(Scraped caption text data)
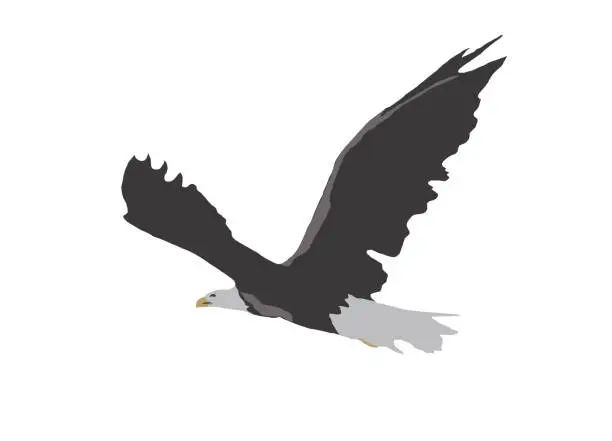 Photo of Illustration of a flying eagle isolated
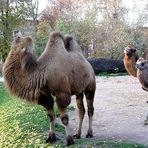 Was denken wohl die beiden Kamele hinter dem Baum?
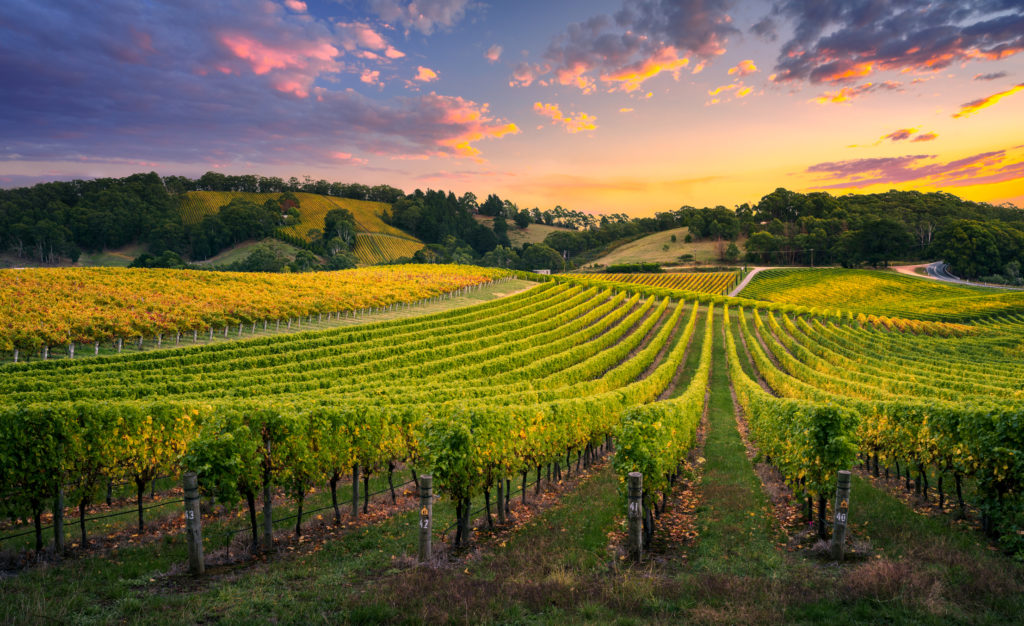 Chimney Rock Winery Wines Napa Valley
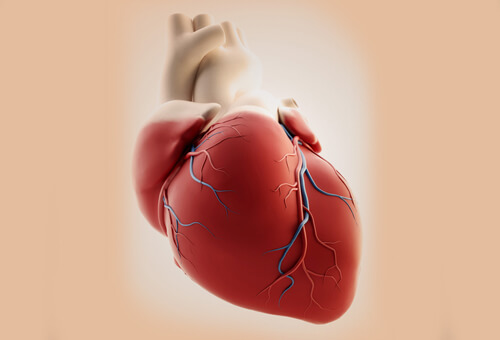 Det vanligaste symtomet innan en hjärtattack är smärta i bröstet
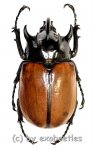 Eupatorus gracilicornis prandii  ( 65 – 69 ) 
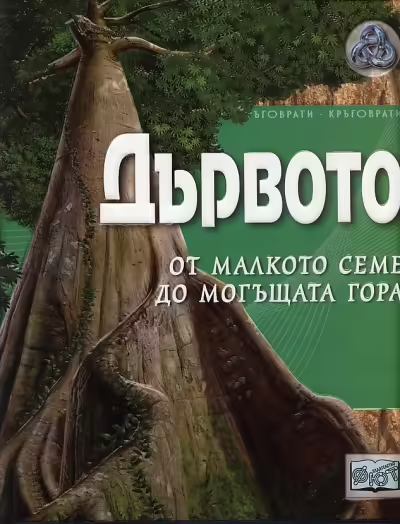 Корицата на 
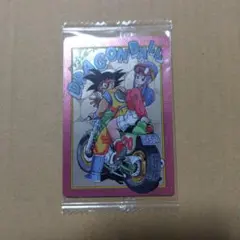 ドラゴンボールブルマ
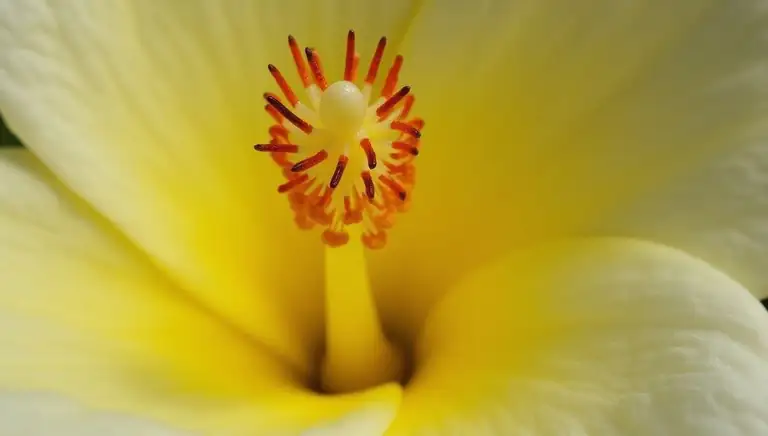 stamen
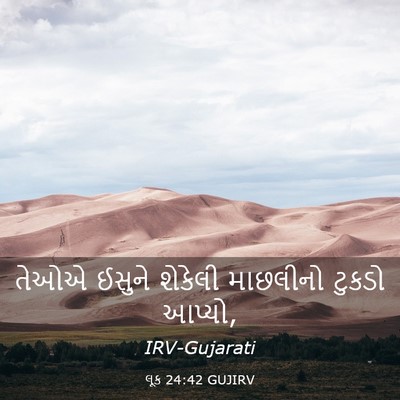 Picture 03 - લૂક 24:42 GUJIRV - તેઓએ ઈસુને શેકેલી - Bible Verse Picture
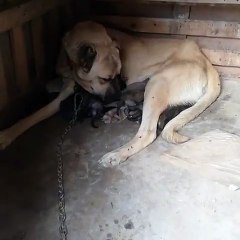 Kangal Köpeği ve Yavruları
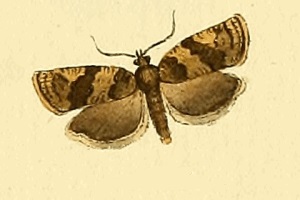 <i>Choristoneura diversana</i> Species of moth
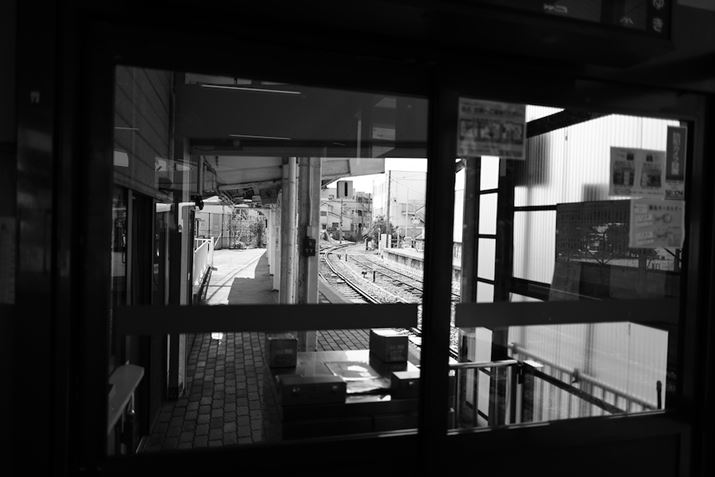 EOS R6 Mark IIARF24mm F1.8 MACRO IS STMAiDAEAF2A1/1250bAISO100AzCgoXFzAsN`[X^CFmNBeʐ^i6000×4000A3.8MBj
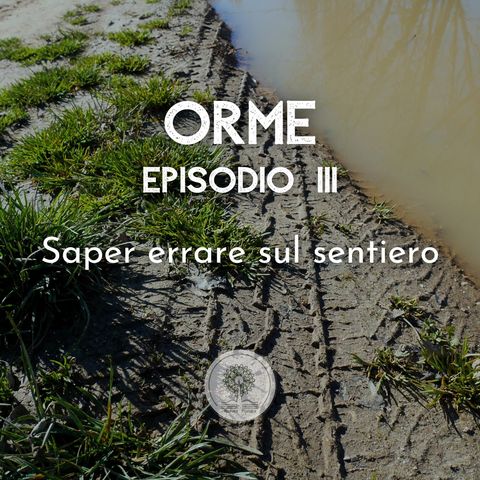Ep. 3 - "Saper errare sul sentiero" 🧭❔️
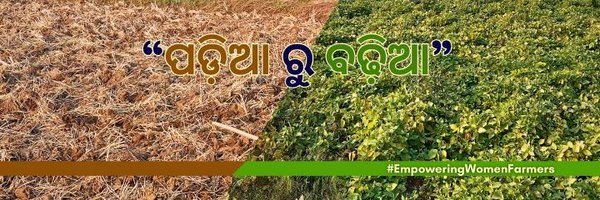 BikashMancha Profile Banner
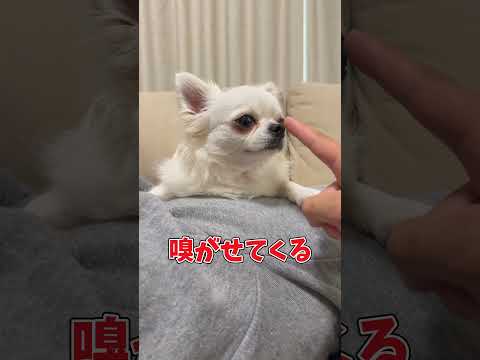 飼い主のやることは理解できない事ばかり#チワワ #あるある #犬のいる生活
==
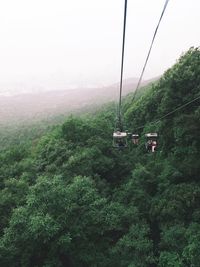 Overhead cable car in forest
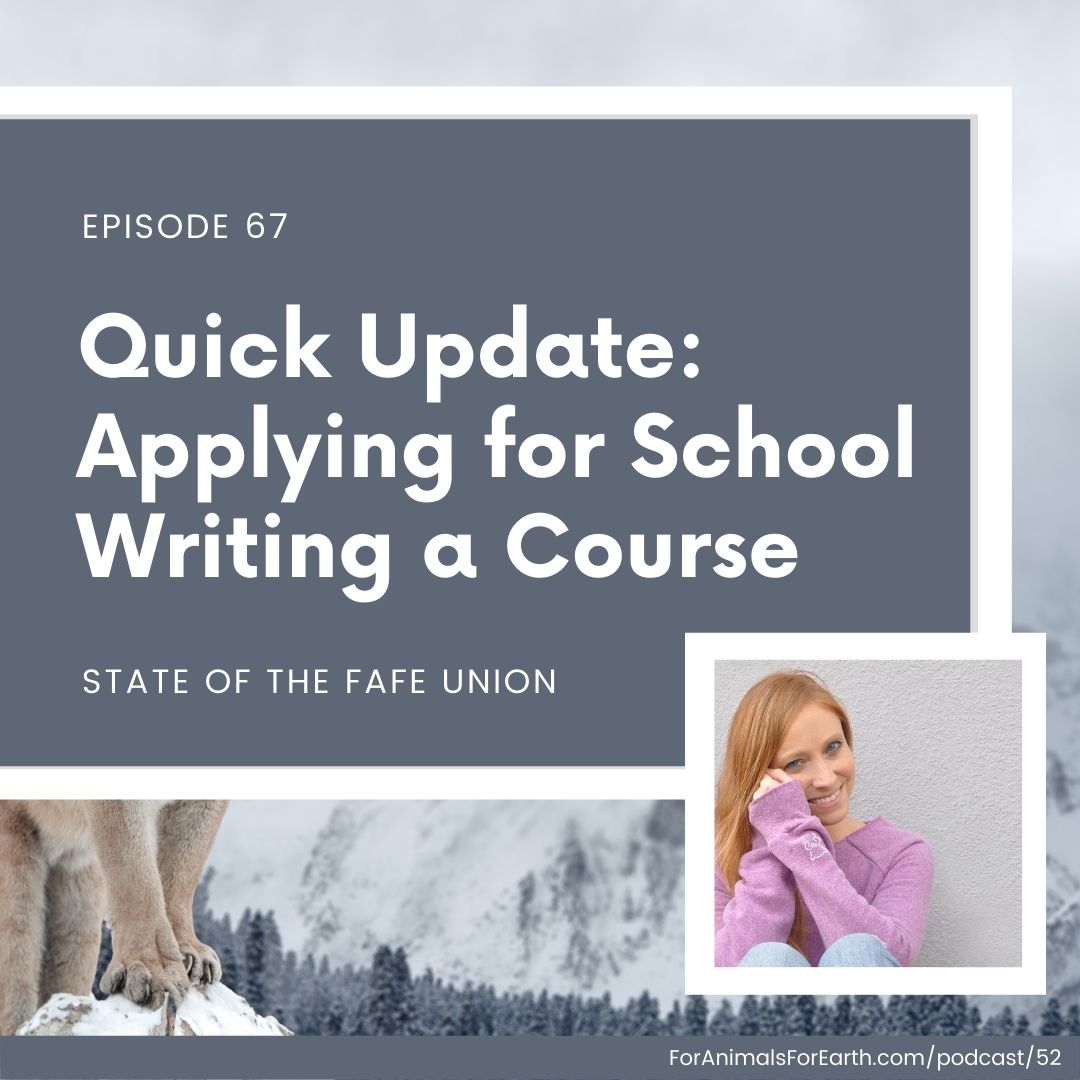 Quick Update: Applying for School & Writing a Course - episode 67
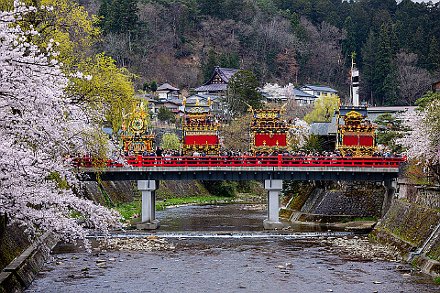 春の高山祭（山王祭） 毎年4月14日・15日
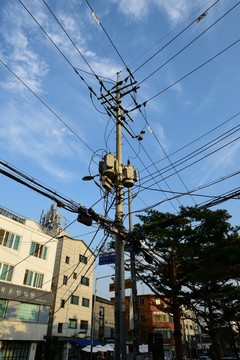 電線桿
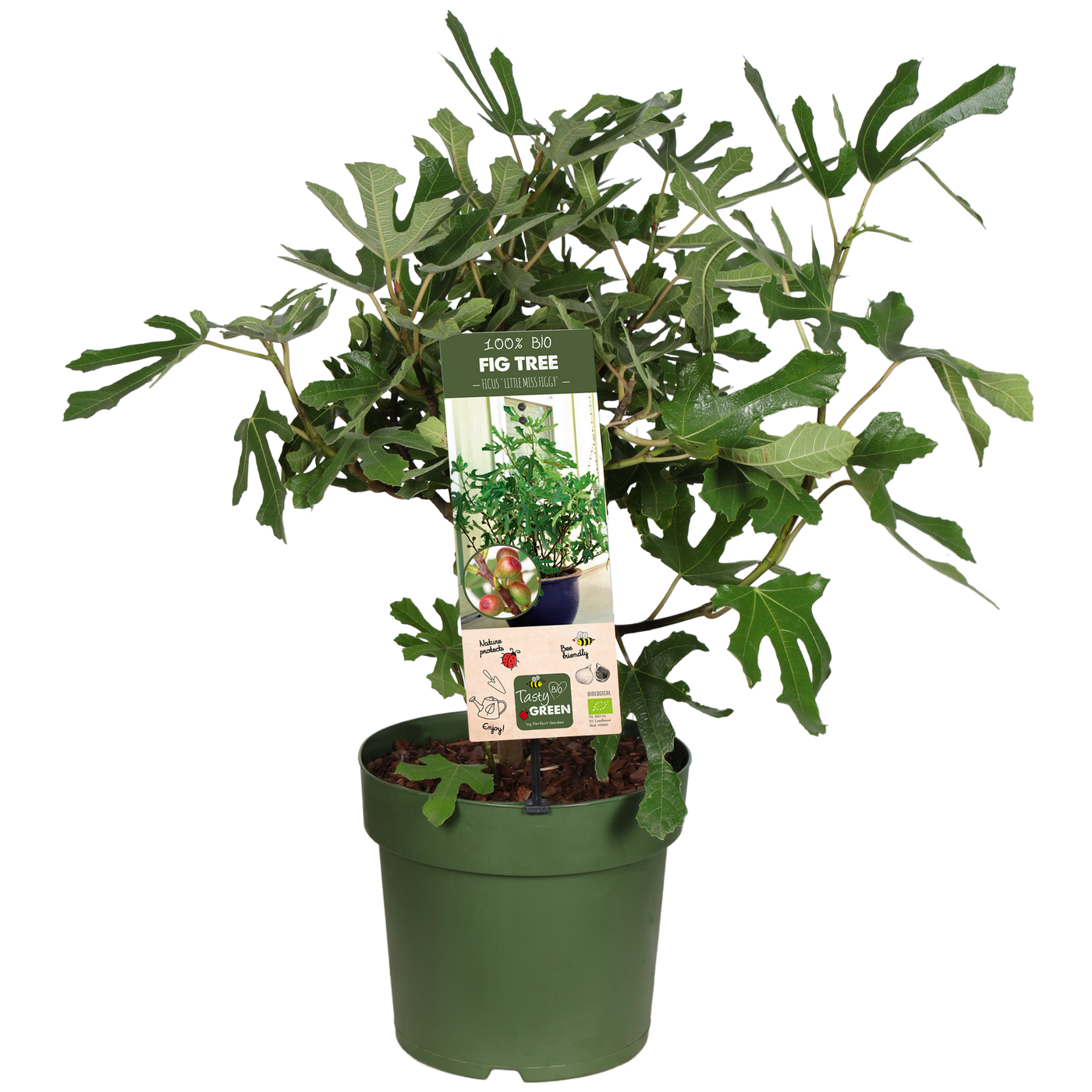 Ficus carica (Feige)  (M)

| Instructions to follow |
Exactly as written above, retype the lines starting at the one holding "Photo of Illustration" and ending at the one holding "飼い主のやることは理解できない事ばかり#チワワ #あるある #犬のいる生活", both included, but not the pictures.

| Exercise response |
 Photo of Illustration of a flying eagle isolated
 Was denken wohl die beiden Kamele hinter dem Baum?
 Chimney Rock Winery Wines Napa Valley
 Det vanligaste symtomet innan en hjärtattack är smärta i bröstet
 Eupatorus gracilicornis prandii  ( 65 – 69 ) 
 Корицата на 
 ドラゴンボールブルマ
 stamen
 Picture 03 - લૂક 24:42 GUJIRV - તેઓએ ઈસુને શેકેલી - Bible Verse Picture
 Kangal Köpeği ve Yavruları
 <i>Choristoneura diversana</i> Species of moth
 EOS R6 Mark IIARF24mm F1.8 MACRO IS STMAiDAEAF2A1/1250bAISO100AzCgoXFzAsN`[X^CFmNBeʐ^i6000×4000A3.8MBj
Ep. 3 - "Saper errare sul sentiero" 🧭❔️
 BikashMancha Profile Banner
 飼い主のやることは理解できない事ばかり#チワワ #あるある #犬のいる生活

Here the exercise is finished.